Members of the Tennessee Advisory Commission on Intergovernmental Relations Education Finance Subcommittee heard that virtual-school ADM reporting can distort county fiscal-capacity calculations and unanimously recommended the commission ask the state to report each virtual pupil's county of residence.

Members of the Tennessee Advisory Commission on Intergovernmental Relations (TACIR) Education Finance Subcommittee heard staff findings that the way virtual-school students are recorded for average daily membership (ADM) can produce distortions in the state fiscal-capacity calculation and recommended the state collect each virtual student's county of residence.

TACIR Director Lippert summarized staff work and said the commission's fiscal-capacity model uses multiple linear regression to calculate per-pupil fiscal capacity and that virtual students affect several variables in the model. "These students can increase the host county service responsibility," Lippert said, which "can cause the fiscal capacity for the host county to go down," while in other cases including virtual students in the model "can increase the fiscal capacity of a county that hosts a virtual school," with offsetting effects on other counties.

Research Associate Ismael Tanui presented the staff analysis. He said virtual students are counted as enrolled where the virtual school is located rather than where the student resides and that the Department of Education does not publish residency data for virtual pupils. Tanui reported enrollment growth in virtual schools from 3,872 ADM in 2019–20 to 14,495 ADM in 2024–25 and showed county examples: Union County has 2,685 virtual ADM out of a reported total ADM of 5,730, and Johnson County has 2,893 virtual ADM out of a reported total ADM of 4,501 (as presented to the subcommittee). Tanui also showed changes in state-share percentages for those counties across recent years.

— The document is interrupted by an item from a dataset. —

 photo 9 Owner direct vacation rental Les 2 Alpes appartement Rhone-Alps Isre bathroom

Committee members pressed staff on which counties are advantaged or disadvantaged in any given year. Director Lippert and members explained the net effect varies year to year because the regression model's coefficients (the relative weights on tax-base, income and service-responsibility measures) change with underlying data. "It depends," Lippert said. "It varies from year to year."

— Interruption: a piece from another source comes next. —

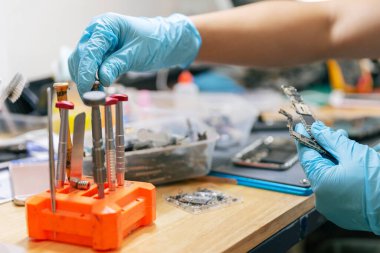 Telefon onarım konsepti birçok farklı boyutlarda mikro tornavida profesyonel iş için hazır turuncu kutuda toplandı.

Several members argued the missing residency data is low-hanging fruit. Lippert and Tanui said local systems and virtual schools already collect residency information, but the Department of Education does not publish county-of-residence breakdowns for virtual pupils; staff recommended the commission ask the state to collect and report that information so TACIR can run more precise analyses. The subcommittee voted by voice to forward that recommendation and the memorandum to the full TACIR; the chair recorded the voice vote as unanimous.

The staff cautioned that this analysis focused solely on funding ramifications of enrollment reporting, not on program quality or educational outcomes. Lippert described one modeling option the staff could test if residency data were available: assign a virtual student's ADM to the resident county for some tax-base factors while retaining the host county ADM for service-responsibility measures and local-revenue calculations, rather than removing virtual students entirely from the model.

The subcommittee asked staff to include the memorandum and the residency-reporting recommendation in the packet for the full commission meeting on Sept. 18.

Ending: TACIR staff will present the subcommittee's summary and recommendation to the full commission; staff said additional modeling or comparative research could follow if the state begins reporting county-of-residence for virtual pupils.